A Study of the Scale Invariant Signal to Distortion Ratio in Speech Separation with Noisy References
This research examines how the Scale-Invariant Signal-to-Distortion Ratio (SI-SDR) metric used to train and evaluate speech separation models performs poorly when training data contains noise, revealing fundamental limitations in the current benchmark approach. The authors propose reference enhancement techniques to mitigate this issue, though results indicate that processing introduces artifacts that limit overall quality improvements.
Speech separation technology powers voice communication systems across telecommunications, voice assistants, and hearing aids. The WSJ0-2Mix benchmark has become the de facto standard for evaluating these systems, yet this study exposes a critical flaw: SI-SDR optimization assumes clean references, but real-world training data often contains noise, creating a mismatch between metric and reality.

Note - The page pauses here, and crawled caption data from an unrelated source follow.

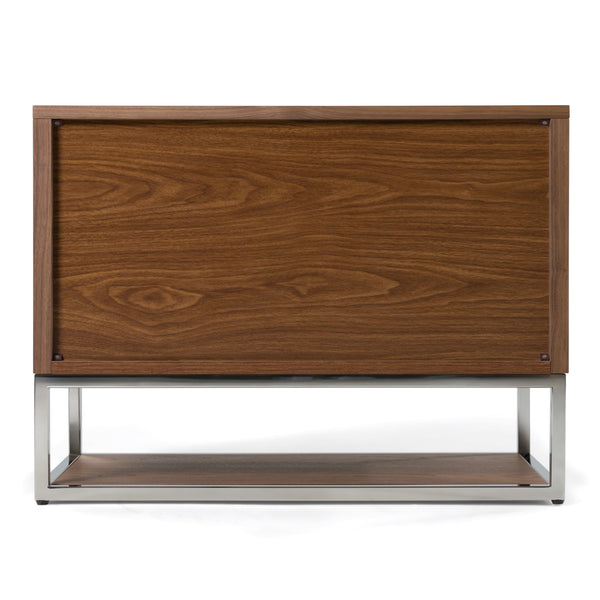 Vig Furniture Modrest Helenora Nightstand - Chic Walnut Design With Stainless Steel Accents For Modern Bedrooms Walnut  Vgvc-mb1502-wal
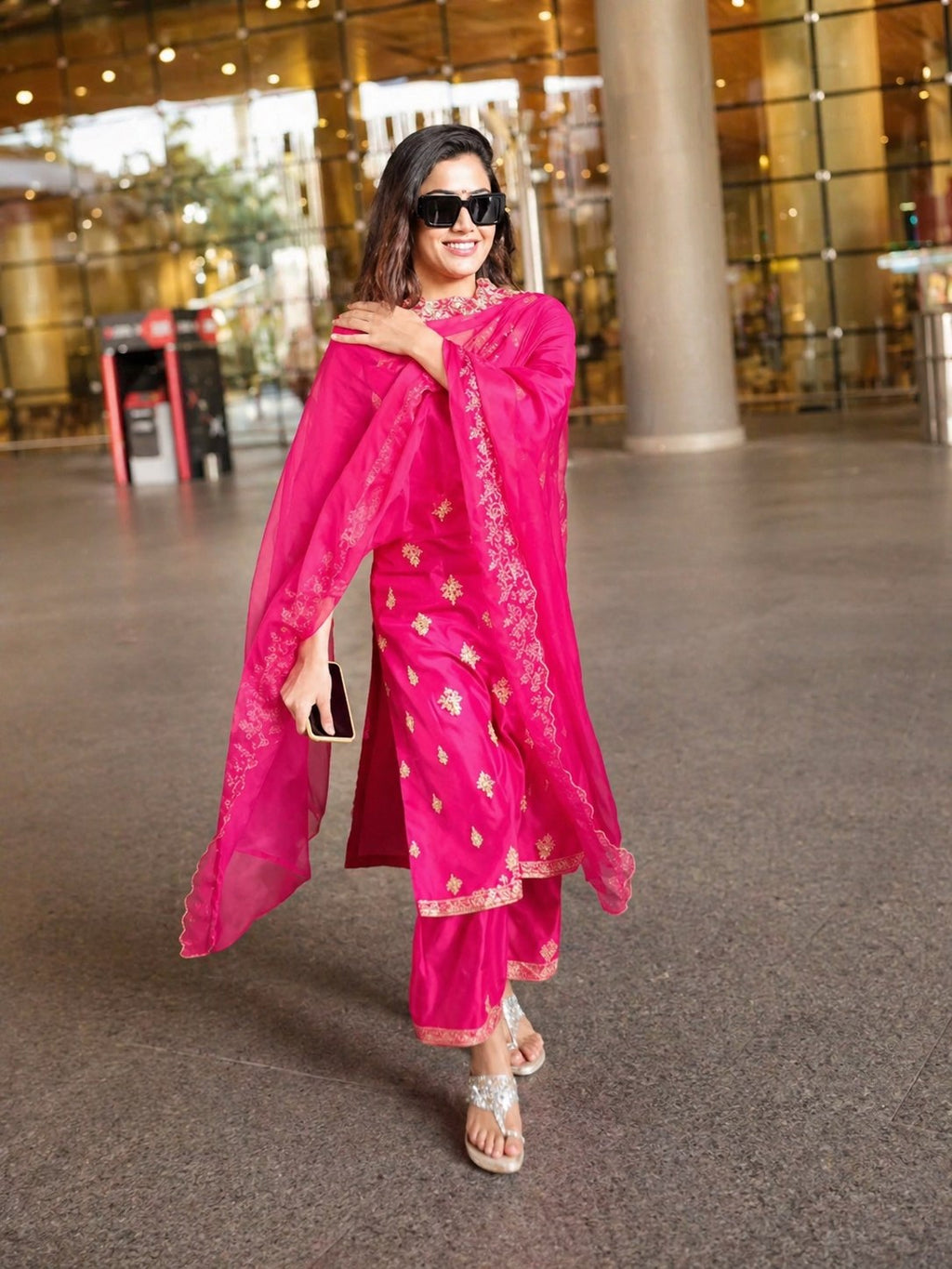 Rashmika Inspired Pink Embroidered Kurti Set for Women | Festive Wear Suit Set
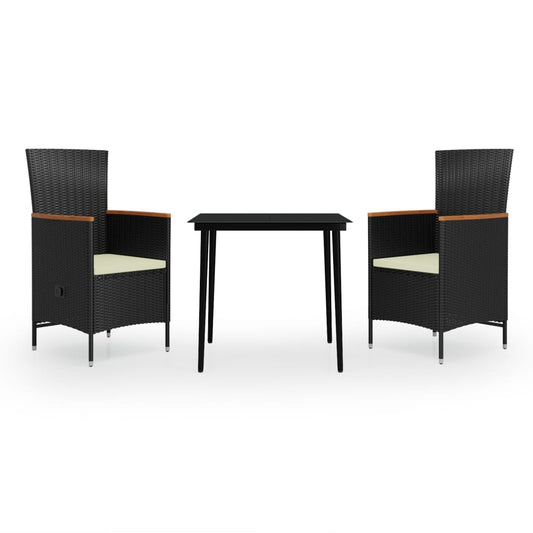 Garden Dining Set Black and Cream White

The research derives the mathematical implications of SI-SDR with noisy references, proving that noise either caps achievable SI-SDR scores or forces models to perpetuate noise in output. This explains why models optimized for SI-SDR improvements don't necessarily produce perceptually better speech. The authors tested reference enhancement with WHAM! dataset augmentation, reducing noise in separated speech but introducing processing artifacts that offset quality gains.
This matters significantly for AI developers building production speech systems. Engineers currently rely on SI-SDR as their optimization target, but this work demonstrates that metric improvements don't translate to better user experience when references contain noise. The negative correlation found between SI-SDR and perceived noisiness across multiple test sets validates this disconnect, suggesting practitioners need multi-metric evaluation strategies beyond SI-SDR alone.
Future development should focus on noise-aware training objectives and reference preprocessing techniques that don't introduce artifacts. The findings push the community toward more robust benchmarks that account for real-world training data conditions rather than idealized clean references.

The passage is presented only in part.